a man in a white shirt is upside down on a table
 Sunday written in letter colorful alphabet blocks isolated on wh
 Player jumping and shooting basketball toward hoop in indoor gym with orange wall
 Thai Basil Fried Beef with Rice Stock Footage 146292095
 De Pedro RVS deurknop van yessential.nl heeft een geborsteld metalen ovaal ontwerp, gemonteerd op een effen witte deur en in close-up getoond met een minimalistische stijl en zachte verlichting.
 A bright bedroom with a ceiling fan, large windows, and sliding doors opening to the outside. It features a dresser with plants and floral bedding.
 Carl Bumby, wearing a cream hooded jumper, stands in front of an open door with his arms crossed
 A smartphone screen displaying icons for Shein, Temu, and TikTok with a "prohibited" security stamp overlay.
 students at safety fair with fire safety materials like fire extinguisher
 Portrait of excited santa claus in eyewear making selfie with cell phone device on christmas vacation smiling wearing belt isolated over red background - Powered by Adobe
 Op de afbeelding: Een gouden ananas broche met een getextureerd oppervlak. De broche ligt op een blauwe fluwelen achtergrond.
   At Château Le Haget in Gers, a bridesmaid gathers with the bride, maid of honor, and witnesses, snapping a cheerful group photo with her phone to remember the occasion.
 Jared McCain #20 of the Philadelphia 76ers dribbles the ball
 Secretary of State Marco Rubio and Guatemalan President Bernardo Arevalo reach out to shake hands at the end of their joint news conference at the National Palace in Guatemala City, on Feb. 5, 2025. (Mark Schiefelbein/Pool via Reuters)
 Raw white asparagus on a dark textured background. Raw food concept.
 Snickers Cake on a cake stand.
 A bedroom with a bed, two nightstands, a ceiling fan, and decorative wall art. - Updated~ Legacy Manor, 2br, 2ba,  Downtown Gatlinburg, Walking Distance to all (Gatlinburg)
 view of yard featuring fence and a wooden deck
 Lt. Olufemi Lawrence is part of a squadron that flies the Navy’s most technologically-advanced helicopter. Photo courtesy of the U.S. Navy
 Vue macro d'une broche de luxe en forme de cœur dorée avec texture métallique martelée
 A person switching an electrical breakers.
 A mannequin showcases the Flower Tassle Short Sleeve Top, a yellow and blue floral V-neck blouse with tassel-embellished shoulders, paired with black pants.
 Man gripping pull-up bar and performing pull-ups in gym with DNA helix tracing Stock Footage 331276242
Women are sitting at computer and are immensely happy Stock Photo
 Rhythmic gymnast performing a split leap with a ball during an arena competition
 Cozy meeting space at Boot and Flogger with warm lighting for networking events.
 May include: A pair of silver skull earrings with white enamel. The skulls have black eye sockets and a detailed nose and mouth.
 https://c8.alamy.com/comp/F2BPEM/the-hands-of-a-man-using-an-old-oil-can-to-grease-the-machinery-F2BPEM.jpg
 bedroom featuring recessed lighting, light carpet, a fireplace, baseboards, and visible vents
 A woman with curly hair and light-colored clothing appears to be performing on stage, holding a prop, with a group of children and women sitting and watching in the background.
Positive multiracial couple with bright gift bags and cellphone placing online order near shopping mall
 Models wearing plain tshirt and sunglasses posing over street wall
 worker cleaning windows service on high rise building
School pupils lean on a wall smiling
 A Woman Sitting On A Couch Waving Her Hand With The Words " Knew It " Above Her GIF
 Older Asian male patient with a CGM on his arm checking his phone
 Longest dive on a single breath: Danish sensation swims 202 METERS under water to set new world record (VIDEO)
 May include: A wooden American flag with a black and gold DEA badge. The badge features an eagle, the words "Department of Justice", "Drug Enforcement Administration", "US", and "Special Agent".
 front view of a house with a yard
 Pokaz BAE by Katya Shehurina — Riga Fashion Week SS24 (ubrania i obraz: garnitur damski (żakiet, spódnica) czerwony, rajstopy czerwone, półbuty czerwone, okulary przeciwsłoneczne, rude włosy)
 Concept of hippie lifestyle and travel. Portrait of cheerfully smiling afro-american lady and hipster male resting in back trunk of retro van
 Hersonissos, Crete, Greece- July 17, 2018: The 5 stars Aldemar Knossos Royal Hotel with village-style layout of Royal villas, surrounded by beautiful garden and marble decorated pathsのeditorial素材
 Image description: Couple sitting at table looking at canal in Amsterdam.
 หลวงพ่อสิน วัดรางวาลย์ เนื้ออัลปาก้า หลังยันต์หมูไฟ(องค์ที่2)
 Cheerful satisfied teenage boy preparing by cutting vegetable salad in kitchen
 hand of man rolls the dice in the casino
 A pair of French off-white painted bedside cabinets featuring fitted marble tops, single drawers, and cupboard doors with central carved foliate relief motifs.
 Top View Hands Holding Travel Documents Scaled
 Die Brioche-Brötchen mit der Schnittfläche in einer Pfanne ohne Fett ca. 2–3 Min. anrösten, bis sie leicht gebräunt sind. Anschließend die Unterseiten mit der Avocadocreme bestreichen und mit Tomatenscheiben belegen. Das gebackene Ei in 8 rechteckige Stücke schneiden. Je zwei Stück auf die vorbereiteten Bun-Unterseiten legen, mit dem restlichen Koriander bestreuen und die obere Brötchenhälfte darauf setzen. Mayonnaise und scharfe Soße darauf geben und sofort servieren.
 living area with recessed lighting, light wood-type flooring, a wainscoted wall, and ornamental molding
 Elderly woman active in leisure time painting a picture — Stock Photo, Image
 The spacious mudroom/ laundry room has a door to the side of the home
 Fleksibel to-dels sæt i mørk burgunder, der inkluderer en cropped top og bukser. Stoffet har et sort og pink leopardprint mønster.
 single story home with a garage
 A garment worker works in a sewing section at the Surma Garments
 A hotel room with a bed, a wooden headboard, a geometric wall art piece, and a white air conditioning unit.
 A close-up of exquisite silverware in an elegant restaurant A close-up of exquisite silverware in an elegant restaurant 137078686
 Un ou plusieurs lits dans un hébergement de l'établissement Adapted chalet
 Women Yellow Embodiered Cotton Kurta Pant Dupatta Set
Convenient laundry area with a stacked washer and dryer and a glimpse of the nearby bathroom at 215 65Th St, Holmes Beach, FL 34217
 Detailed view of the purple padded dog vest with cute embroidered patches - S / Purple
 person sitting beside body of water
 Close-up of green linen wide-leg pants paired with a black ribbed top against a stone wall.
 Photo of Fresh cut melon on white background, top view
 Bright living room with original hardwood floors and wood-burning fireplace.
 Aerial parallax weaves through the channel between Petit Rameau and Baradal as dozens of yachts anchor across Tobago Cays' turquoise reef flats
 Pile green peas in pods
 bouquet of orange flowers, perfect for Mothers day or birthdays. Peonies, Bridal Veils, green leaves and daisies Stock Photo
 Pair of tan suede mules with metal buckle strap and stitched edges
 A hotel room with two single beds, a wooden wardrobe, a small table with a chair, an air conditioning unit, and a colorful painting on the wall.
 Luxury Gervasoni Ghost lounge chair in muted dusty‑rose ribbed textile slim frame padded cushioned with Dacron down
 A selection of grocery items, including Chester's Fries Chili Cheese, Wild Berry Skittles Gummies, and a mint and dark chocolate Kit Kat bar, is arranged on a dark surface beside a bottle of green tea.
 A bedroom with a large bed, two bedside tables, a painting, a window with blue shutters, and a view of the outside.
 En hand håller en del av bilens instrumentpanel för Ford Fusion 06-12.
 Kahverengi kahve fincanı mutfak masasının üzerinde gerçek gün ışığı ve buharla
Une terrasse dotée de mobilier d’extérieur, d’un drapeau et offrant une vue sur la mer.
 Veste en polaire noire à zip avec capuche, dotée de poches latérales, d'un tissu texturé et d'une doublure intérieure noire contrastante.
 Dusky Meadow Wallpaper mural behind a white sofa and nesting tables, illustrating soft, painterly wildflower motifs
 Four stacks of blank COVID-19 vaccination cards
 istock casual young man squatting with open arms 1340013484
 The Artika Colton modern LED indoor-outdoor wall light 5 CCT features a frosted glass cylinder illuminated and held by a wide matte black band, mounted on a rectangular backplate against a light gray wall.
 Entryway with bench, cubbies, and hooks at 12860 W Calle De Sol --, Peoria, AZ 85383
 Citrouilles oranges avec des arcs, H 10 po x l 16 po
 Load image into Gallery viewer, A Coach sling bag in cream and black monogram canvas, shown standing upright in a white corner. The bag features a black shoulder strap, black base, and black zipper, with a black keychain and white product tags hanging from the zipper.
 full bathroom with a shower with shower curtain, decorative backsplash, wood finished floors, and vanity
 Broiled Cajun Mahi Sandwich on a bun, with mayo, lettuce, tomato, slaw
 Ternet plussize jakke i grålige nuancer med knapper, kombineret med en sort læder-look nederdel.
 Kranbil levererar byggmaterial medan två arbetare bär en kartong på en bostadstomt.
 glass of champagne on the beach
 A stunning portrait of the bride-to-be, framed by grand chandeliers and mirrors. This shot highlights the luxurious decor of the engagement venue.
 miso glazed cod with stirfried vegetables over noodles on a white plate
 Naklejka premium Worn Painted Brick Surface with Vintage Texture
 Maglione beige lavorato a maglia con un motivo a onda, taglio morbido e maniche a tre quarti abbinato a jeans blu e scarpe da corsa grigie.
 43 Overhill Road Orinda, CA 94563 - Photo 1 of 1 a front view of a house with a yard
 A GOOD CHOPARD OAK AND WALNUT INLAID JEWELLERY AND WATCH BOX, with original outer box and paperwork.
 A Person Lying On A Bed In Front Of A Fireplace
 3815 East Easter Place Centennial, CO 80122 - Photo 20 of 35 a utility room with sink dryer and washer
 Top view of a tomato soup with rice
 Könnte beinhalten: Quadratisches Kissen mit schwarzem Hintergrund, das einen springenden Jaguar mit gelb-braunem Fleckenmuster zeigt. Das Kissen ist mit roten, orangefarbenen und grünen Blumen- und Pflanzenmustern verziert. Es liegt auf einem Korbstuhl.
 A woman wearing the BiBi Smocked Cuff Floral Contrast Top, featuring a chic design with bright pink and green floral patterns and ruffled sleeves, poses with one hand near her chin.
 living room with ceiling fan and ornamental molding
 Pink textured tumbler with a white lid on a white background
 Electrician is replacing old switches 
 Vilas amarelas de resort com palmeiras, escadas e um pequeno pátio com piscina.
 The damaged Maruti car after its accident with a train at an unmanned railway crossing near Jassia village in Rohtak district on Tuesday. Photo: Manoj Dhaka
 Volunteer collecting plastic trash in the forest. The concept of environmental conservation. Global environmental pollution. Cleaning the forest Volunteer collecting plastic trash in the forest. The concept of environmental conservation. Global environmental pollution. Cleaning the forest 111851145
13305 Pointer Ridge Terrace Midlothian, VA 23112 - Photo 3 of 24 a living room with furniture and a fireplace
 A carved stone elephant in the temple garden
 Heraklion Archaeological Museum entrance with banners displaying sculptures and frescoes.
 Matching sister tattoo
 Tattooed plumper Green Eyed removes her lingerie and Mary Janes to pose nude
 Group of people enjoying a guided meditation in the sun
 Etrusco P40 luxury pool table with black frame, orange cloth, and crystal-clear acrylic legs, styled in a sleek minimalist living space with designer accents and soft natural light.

********

**Task objective**
Take exactly the lines from the one containing "A GOOD CHOPARD" through the one containing "Vilas amarelas de" in the data above, and output them with nothing added.

**Your response**
 A GOOD CHOPARD OAK AND WALNUT INLAID JEWELLERY AND WATCH BOX, with original outer box and paperwork.
 A Person Lying On A Bed In Front Of A Fireplace
 3815 East Easter Place Centennial, CO 80122 - Photo 20 of 35 a utility room with sink dryer and washer
 Top view of a tomato soup with rice
 Könnte beinhalten: Quadratisches Kissen mit schwarzem Hintergrund, das einen springenden Jaguar mit gelb-braunem Fleckenmuster zeigt. Das Kissen ist mit roten, orangefarbenen und grünen Blumen- und Pflanzenmustern verziert. Es liegt auf einem Korbstuhl.
 A woman wearing the BiBi Smocked Cuff Floral Contrast Top, featuring a chic design with bright pink and green floral patterns and ruffled sleeves, poses with one hand near her chin.
 living room with ceiling fan and ornamental molding
 Pink textured tumbler with a white lid on a white background
 Electrician is replacing old switches 
 Vilas amarelas de resort com palmeiras, escadas e um pequeno pátio com piscina.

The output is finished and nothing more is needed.